As Badtux says, the important thing for a sovereign nation is to have all debts denominated in their own currency. The European nations using the Euro are screwed and smaller nations that have their debt listed in someone else’s currency are screwed, but when you are rolling your own, you can always pay it off.

These days all it takes is a computer, and an electronic transfer account, you don’t actually have to print the currency. It’s a matter of changing the numbers in two accounts.

Stuff should get really cheap for you as China is still tying its currency [despite all of the protesting of unfair trade practices] to the dollar, so the weak dollar makes Chinese stuff cheaper too.

The Canadian Loonie is at or close to parity, so Canadians could buy US again. If the Bushwhackoes hadn’t made it so difficult for Canadians to visit, there would be a spending spree along the border.

There has to be something weird going on, because it should be as cheap, or cheaper to get Taiwanese goods in Australia as the US. They only way it would make sense would be if the Australians are using partial containers, not full, or are shipping by air instead of ship. It has to be transportation costs or a captive market.

6 Kryten42 { 10.15.10 at 10:51 pm }

Oh… I never said I thought it would happen. But there is a whisper among some analysts (according to a friend who is a major market player). From what he says, it’s kinda along the lines of “What would happen if…” scenario. I (and he) can’t see it, but he was curious that it’s being considered at all. I suspect it has more to do with the loss of faith in the US (especially it’s leadership) than anything else. *shrug* Also, he said China has warned the Fed a couple times since 2009 about them *printing money* (to directly buy treasury bonds to prevent the bonds price from collapsing).

Federal Reserve Chairman Ben Bernanke sent yet another signal that the world’s most powerful central bank is on course to launch a second round of “quantitative easing,” probably as soon as Nov. 3. “Quantitative easing,” though it doesn’t involve literally “printing” money, has the same effect: It’s a way to increase the money supply. And that means the US dollar is headed lower.
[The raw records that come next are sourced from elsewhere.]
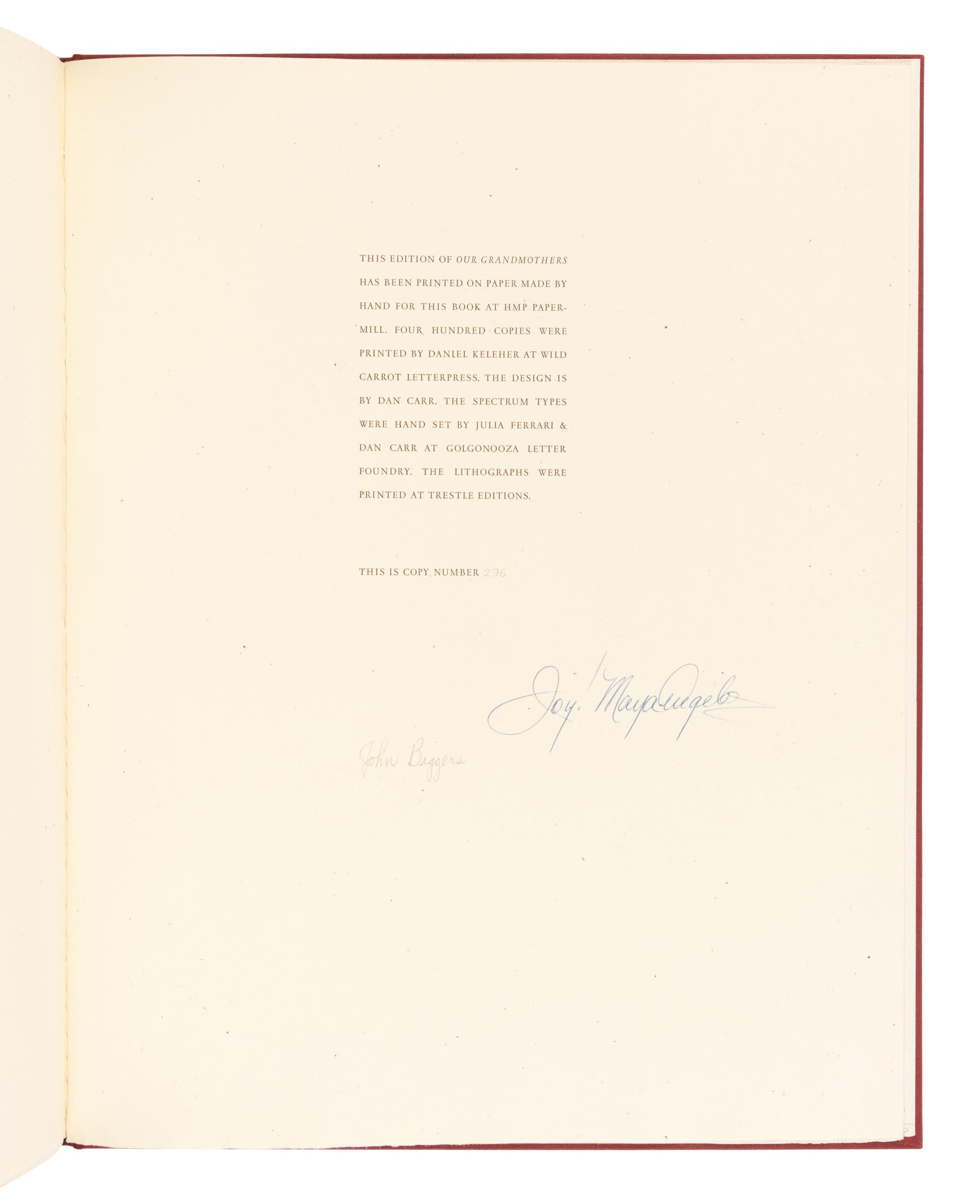 [LIMITED EDITIONS CLUB]. BIGGERS, John (1924-2001), illustrator. -- ANGELOU, Maya (1928-2014). Our Grandmothers . New York: The Limited Editions Club, 1994.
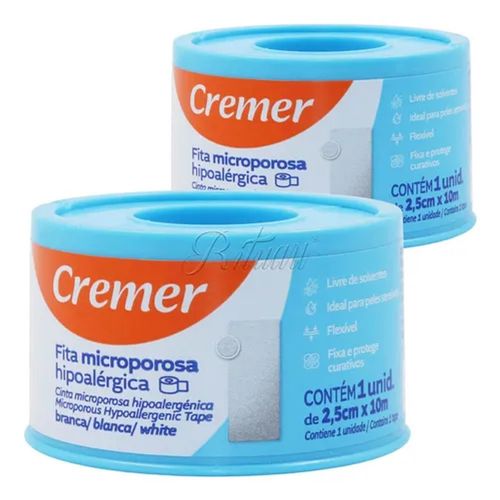 Fita microporosa hipoalergênica branca 25mm x 10m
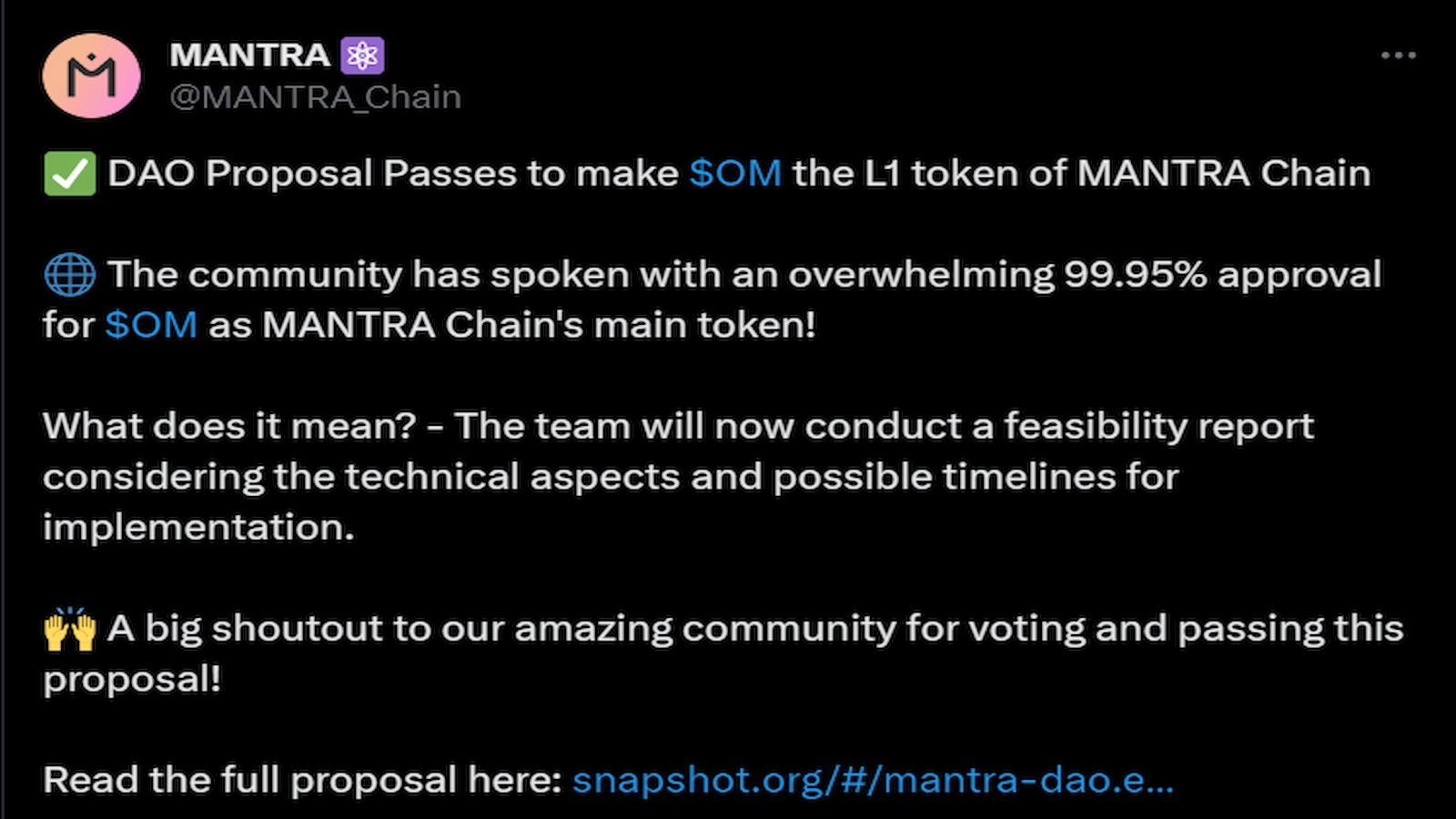 Mantra Network OM token adoption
QE2 will happen because there are no other realistic options to address a sputtering US recovery. Any sensible fiscal solution would wither in a sclerotic legislative system. And the Fed has already exhausted traditional tools to stimulate demand through monetary policy.
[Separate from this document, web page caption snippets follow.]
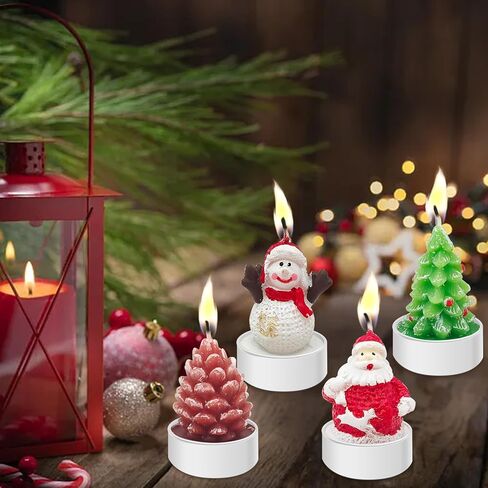itechpanda 4 PCS Christmas Decoration Delicate Decorative Candles, Santa Claus, Snowman, Pine Cones, Christmas Tree, Shoes, House, Santa Hat Candles for Party Wedding Spa Home Decoration Gifts in Saudi Arabia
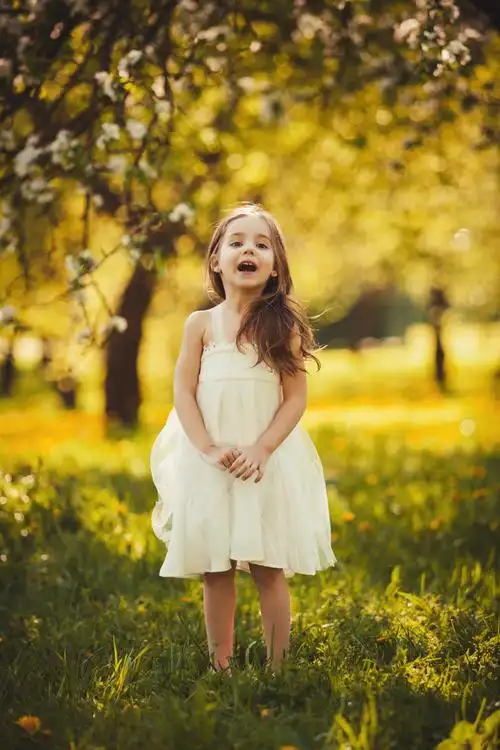 有趣,小女孩,春天,花园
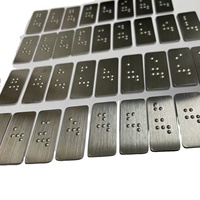 Autocollant Braille pour bouton d'ascenseur, en acier inoxydable, tactile, pour aveugles, avec signalisation de l'étage et interrupteur haut/bas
Quantitative Easing: Bring on the Printing Presses

7 Kryten42 { 10.15.10 at 11:18 pm }

Oh, Matt Taibbi had this to say @ Rolling Stone:

The Fed’s Magic Money-Printing Machine, Act 2

Beyond that, QE is a highly dubious idea in general, and probably an indication that the economy is worse off than it seems by far. When the Fed stops being able to stimulate the economy by the traditional method of slashing interest rates, and has to resort to printing money by the trillions, that is a sure indication that things in the economy are seriously FUBAR. If this is what it takes to prop up home values and keep the government liquid and the stock market from collapsing, we’re all in a lot of trouble.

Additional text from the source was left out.